## What is being asked
From the data that follows, print exactly the lines starting at the one containing "Rhodocybe piperita" and ending at the one containing "Image 18 of"; include both of them and nothing more.

## Supplied information

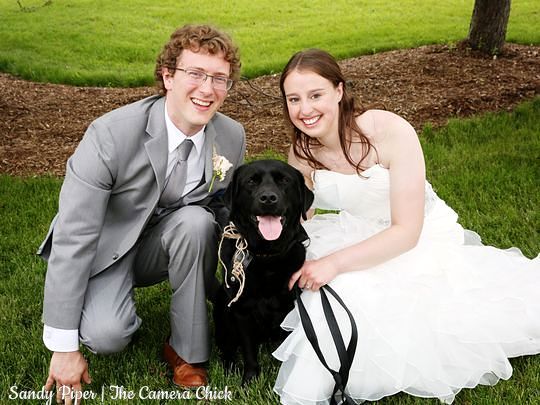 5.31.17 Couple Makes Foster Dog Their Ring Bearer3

---

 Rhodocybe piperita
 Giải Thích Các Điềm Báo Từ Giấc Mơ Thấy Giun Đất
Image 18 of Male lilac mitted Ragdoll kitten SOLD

## Finished exercise
 Rhodocybe piperita
 Giải Thích Các Điềm Báo Từ Giấc Mơ Thấy Giun Đất
Image 18 of Male lilac mitted Ragdoll kitten SOLD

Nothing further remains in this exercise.